Let $X_1,\ldots,X_n\sim {\rm Uniform}(0,1)$ and let $Y_n = \max\{X_1,\ldots,X_n\}$. FInd ${\bf E}(Y_n)$.

Question

This is exercise 3.3 from "All of Statistics".

I tried solving this in the case that $n=2$, but I found a solution that I feel is wrong. I'm not too great at integration, so I feel like that may be the problem. The problem then is to find

$${\bf E}(Y_2)=\int^1_0\int^1_0\max(x,y)xy \;dx\;dy.$$

I tried splitting the double integral into two parts, where one is the section of the unit square with $x>y$ and the other $x\leq y$. I believe the correct integrals for this are

$$\int^1_0\int^{x/2}_0xy^2\;dy\;dx+\int^1_0\int_{y/2}^1 x^2y\;dx\;dy.$$

The left hand integral is equal to $$\int^1_0x\int^{x/2}_0y^2\;dy\;dx - \int^1_0x\left(\frac{(x/2)^3}{3}\right)\;dx=\int^1_0x^2/24\;dx=1/72.$$

Similarly, we find on the right hand side that

$$\int^1_0\int^1_{y/2} x^2y\;dx\;dy = \int^1_0y\left[\frac{1}{3}-\frac{y^3}{24}\right]\;dy=17/96.$$

Together, these equal $5/24$. This doesn't seem right. What did I do wrong? Is my approach misguided? Also, how can I approach solving the problem in general?

Answer 1

Let's first examine $Y_n = max\{X_1,X_2,...,X_n\}$. $P(Y_n<y) = P(max\{X_1,X_2,...,X_n\}<y)$. This means all individual $X_i<y$. Since they are independent of each other, we get:

$P(Y_n<y) = P(max\{X_1,X_2,...,X_n\}<y) = P(X_1<y)P(X_2<y)...P(X_n<y)=y^n=F_Y(y)$

$f_Y(y) = \frac{dF_Y(y)}{dy} = ny^{n-1}$

$\mathbb{E}Y_n=\int_0^1yny^{n-1}dy=\int_0^1ny^ndy$

Answer 2

We carry out your idea for the case $n=2$. (It could in principle be extended to the general case, but there are easier ways for general $n$.)

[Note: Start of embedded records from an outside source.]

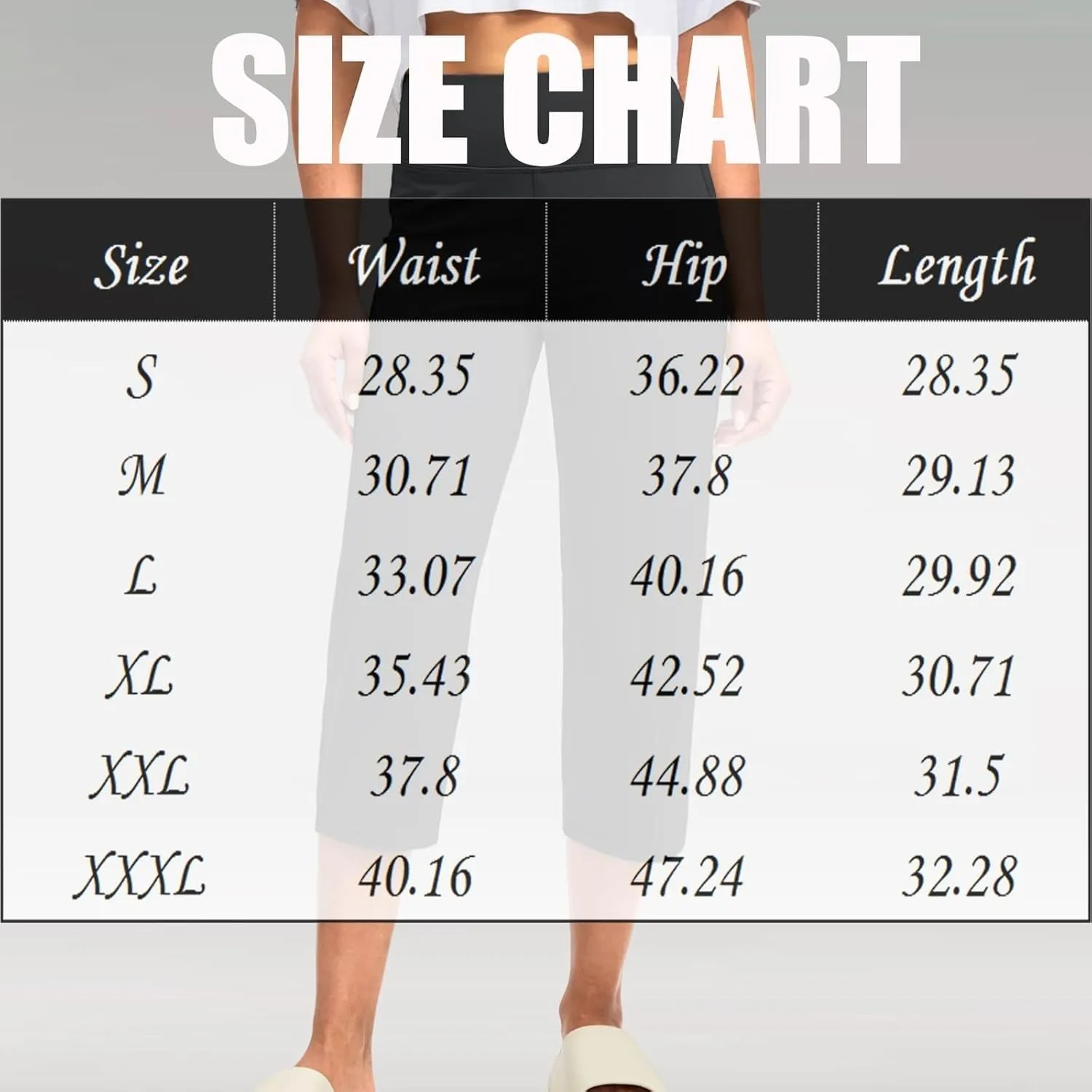 Womens Bootcut Yoga Pants Cotton-Down High Waisted Elastic Capris Baggy Loose Fit Soft Workout Summer Pant with Pocket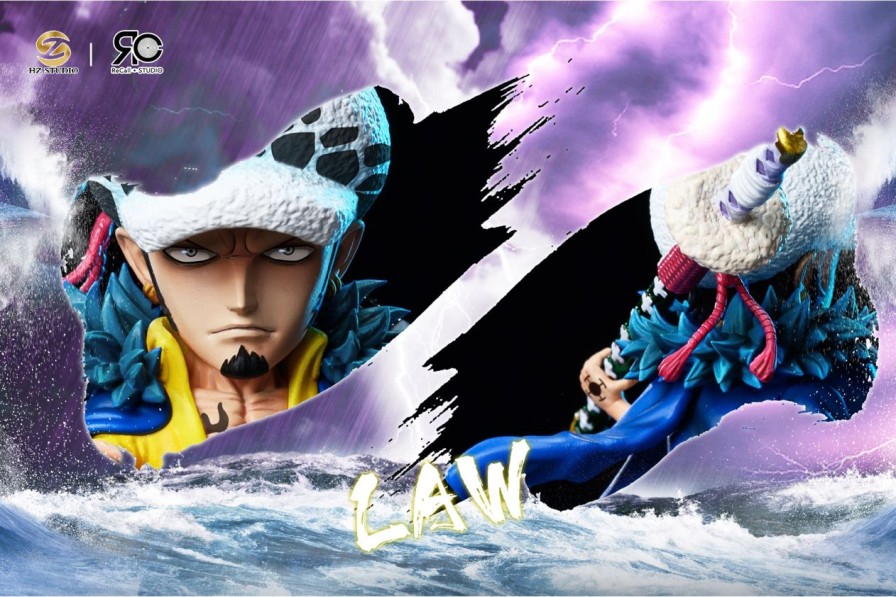 Anime RC Studio X HZ Studio One Piece Gk Figures | [Pre-Order] One Piece Gk Figures - Rc Art X Hz One Piec New World King Series Law Gk1509 | Gk Figure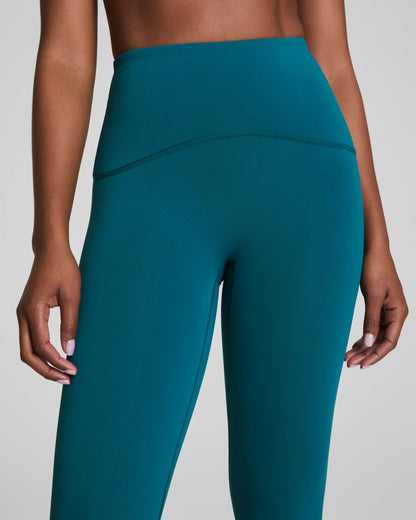  Secret Sweat 7/8 Leggings, Light Emerald Bay | SPANX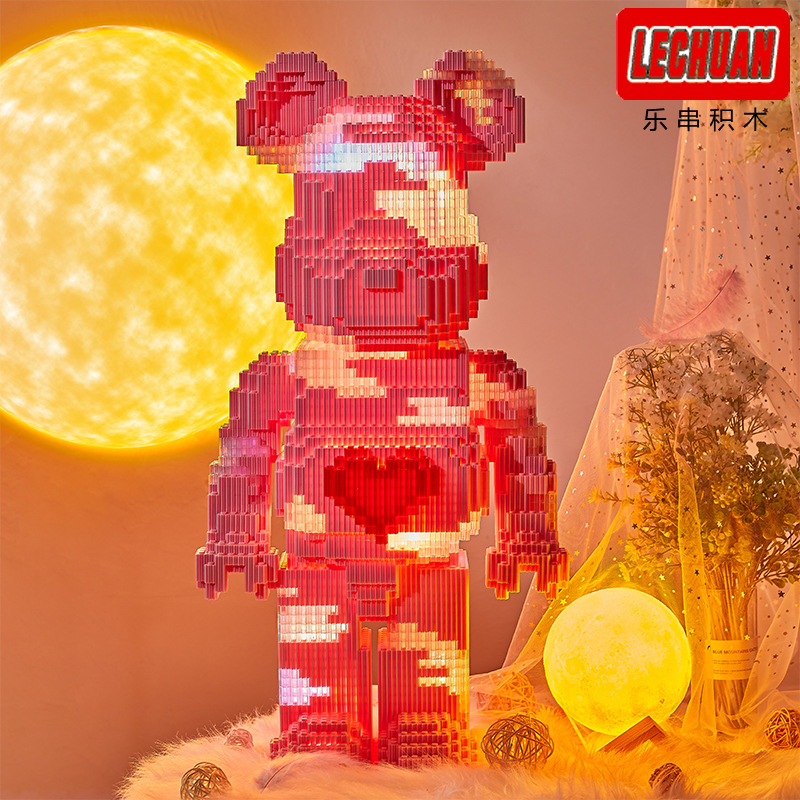 Lechuan 67104 Pink Bearbrick 8038pcs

We want to find the double integral of $\max(x,y)$ times the joint density function, over the unit square. Note that this joint density is $1$ over the square.

As in your calculation, we split into two parts, (i) the triangle where $y\le x$ and (ii) the triangle with $y\gt x$.

For (i), the maximum of $x$ and $y$ is $x$. For the integration, $y$ goes from $0$ to $x$, and then $x$ goes from $0$ to $1$. So for (i) we want $$\int_{x=0}^1\left(\int_{y=0}^x x\,dy\right)\,dx.\tag{1}$$ The inner integral is $x^2$, so the double integral is $\frac{1}{3}$.

We could similarly evaluate over the second triangle. That is just reversing the roles of $x$ and $y$, so by symmetry we get $\frac{1}{3}$.

It follows that $E(Y_2)=\frac{2}{3}$.